Nicodéme, P., Doerks, D., & Vingron, M. (2002). Proteome analysis based on motif statistics. Proceedings of the European Conference on Computational Biology (ECCB 2002), S161-S171.


引用: https://hdl.handle.net/11858/00-001M-0000-0010-8B9F-4
要旨
Motivation: Even for the amino acid motifs collected in the Prosite database there may be chance occurences as opposed to those occurences where the motif is involved in fold or function of a protein. With recent mathematical advances in assessing the significance of observing such a motif a particular number of times, we can now study the over- or under-representation of particular motifs in a complete genome and attempt to make functional deductions.
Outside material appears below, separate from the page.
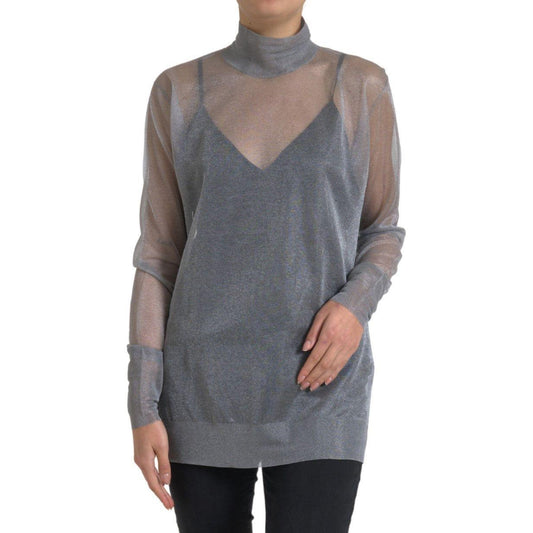 Dolce & Gabbana Elegant Gray Long Sleeve Mesh Top Dolce & Gabbana Dim Gray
Results: We demonstrate that statistical over- or under-representation of motifs in complete proteomes may be an indicator of whether, in that organism, we are looking at chance occurrences of the motif or whether the occurrences are sufficiently numerous to suggest a systematic, and thus functionally important occurrence. This has important implications on databank annotations. Availability: The complete dataset comprising the plotted statistics of 266 Prosite motifs on 42 proteomes is available at http://algo.inria.fr/nicodeme/proteomes/proteocomp.html. The software used to compute this data has been described by Nicodème (2000, 2001). They are available either by web access as mentioned in these articles or by direct request from Pierre Nicodème.